08 July 2021

Here's a Single Dose of Tom Hartman DISPATCH: Antidote to Mainstream Media

I hope readers of this blog are ready for a regular antidote

Karen Greenberg, The Age of Unaccountability

July 8, 2021

Only recently, more than 18 years after President George W. Bush launched the invasion of Iraq and quickly declared victory ("Mission accomplished!"), Joe Biden once again ordered U.S. air strikes, three of them, against Iranian-backed Iraqi militias in that country's borderlands with Syria.  In the process, he reportedly killed several militiamen, but also possibly a child. And within 24 hours, at least one of those militias had responded by launching rocket attacks on a U.S. base in... no kidding... Syria!  And so it goes, and has gone, in American war-making in the twenty-first century.

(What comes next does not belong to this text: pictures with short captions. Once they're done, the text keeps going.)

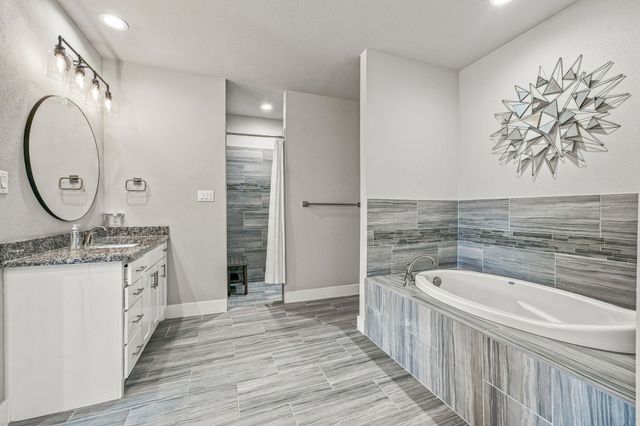 212 Buena Vista Drive, Godley, TX 76044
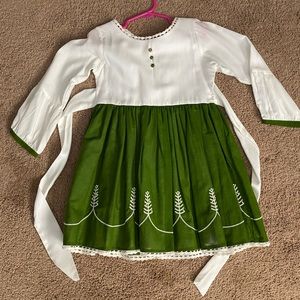 Well Dressed Wolf Festive Tree 4t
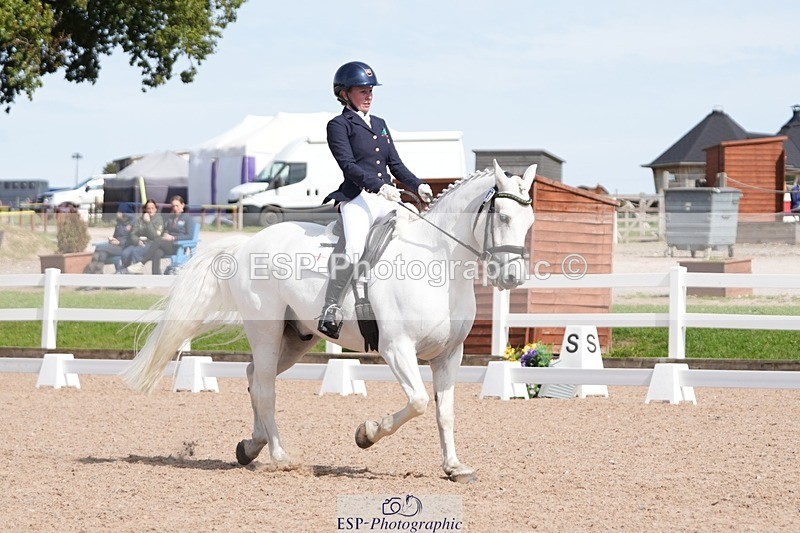 250906-140008-03832 - 067-Laura.PercyConobola.Cascade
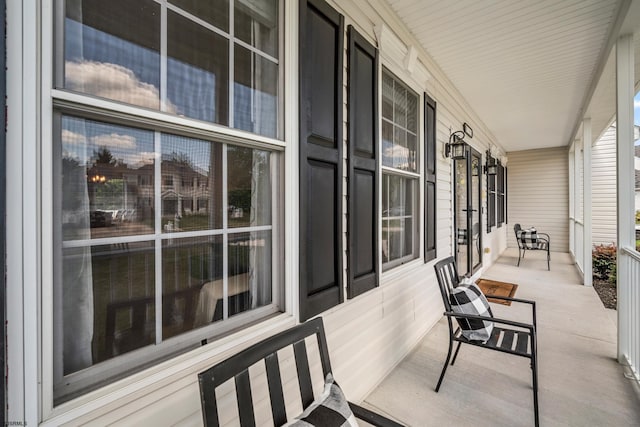 105 Chase Rd, Egg Harbor Township, NJ 08234 - view of covered porch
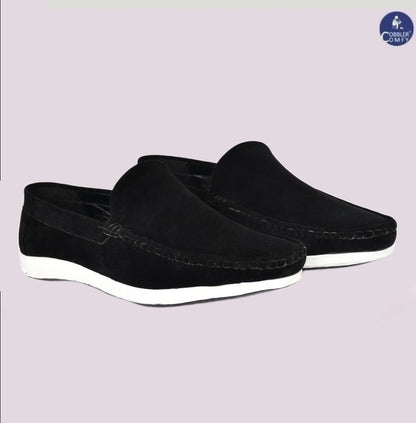 Velvet Classic Pull-on Loafer for Men | Black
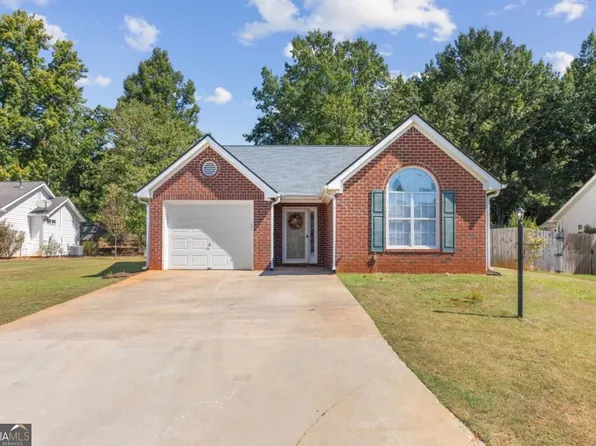 11 Santa Rosa Way, Newnan, GA 30265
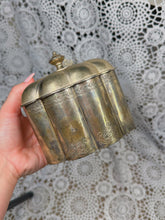 Load image into Gallery viewer, Vintage trinket box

Of course, no one in official Washington refers to such acts as "war" any longer as that might bring Congress, the part of our government with the constitutional power to declare such a state, into play.  In fact, as Karen Greenberg wrote recently at the American Prospect, "The refusal to distinguish war from hostilities overall has been a landmark piece of the war on terrorism architecture. It’s worth noting that the 2001 Authorization for Use of Military Force to counter those responsible for 9/11 does not use the word 'war' itself."

And keep in mind that, whatever U.S. troops may be doing in Syria, there are also 2,500 U.S. troops still in Iraq so many years later, though why (since the Iraqi parliament has demanded their departure) remains open to question. What generally doesn't remain open to question, at least in this country, is the power of an American president to order such strikes or similar drone assassination attacks launched -- as Donald Trump did against a key Iranian general at Baghdad International Airport in 2020 -- at any moment of his choosing. Biden and crew cited no particular authority for striking Syrian and Iraqi targets again, other than the right to self-defense under international law (in Iraq and Syria, no less!). They certainly didn't cite any congressional authorization. And the Iraqi government didn't authorize such attacks, instead protesting them vehemently.

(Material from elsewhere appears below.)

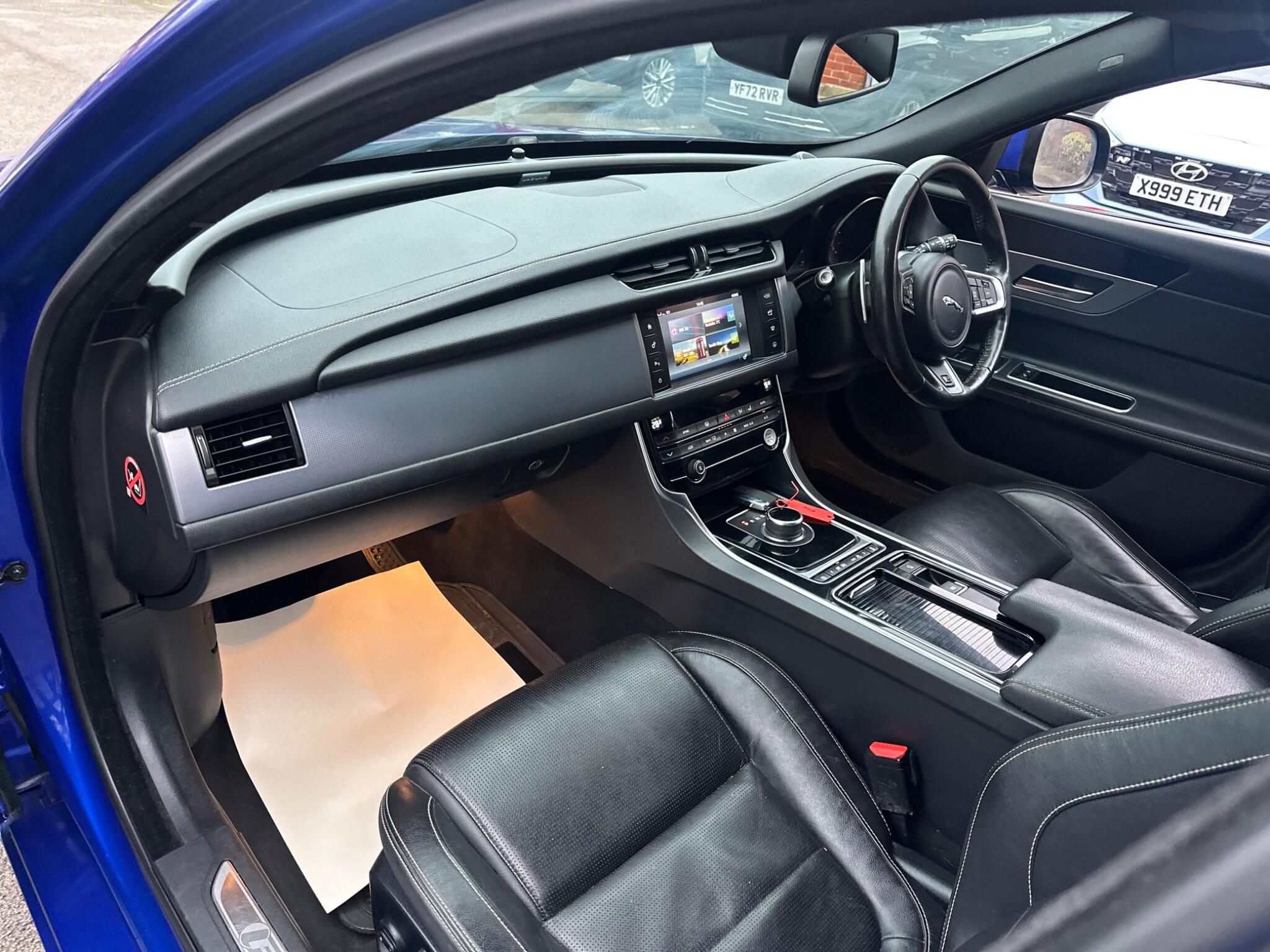 Jaguar XF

But these days, in this country's somewhat dwindling but never-ending war on terror, one thing that never truly seems to be at stake is what Greenberg, a TomDispatch regular and author of the upcoming book Subtle Tools: The Dismantling of Democracy from the War on Terror to Donald Trump, sadly highlights today: accountability. Instead, it appears that an accountability crisis of the first order is coming home big time. That was obviously true in the Trump years when the president was quite literally accountable for nothing he did, no matter how damaging. Now, sadly enough, it seems to be spilling over into the Biden years as well. But let Greenberg tell you this sorry tale of a system that seems to become less accountable by the moment. Tom

America's Accountability Problem

Is Anyone Responsible Anymore?

By Karen Greenberg

America has an accountability problem. In fact, if the Covid-19 disaster, the January 6th Capitol attack, and the Trump years are any indication, the American lexicon has essentially dispensed with the term "accountability."

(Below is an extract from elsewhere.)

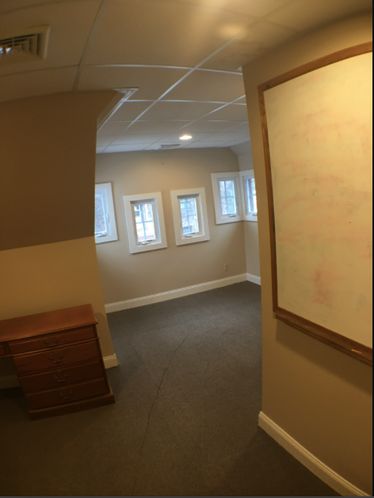 1800 Elm St, Manchester, NH 03104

This should come as no surprise. After all, there's nothing particularly new about this. In the Bush years, those who created a system of indefinite offshore detention at Guantánamo Bay, Cuba, those who implemented a CIA global torture program and the National Security Agency’s warrantless surveillance policy, not to mention those who purposely took us to war based on lies about nonexistent Iraqi weapons of mass destruction, were neither dismissed, sanctioned, nor punished in any way for obvious violations of the law. Nor has Congress passed significant legislation of any kind to ensure that all-encompassing abuses like these will not happen again.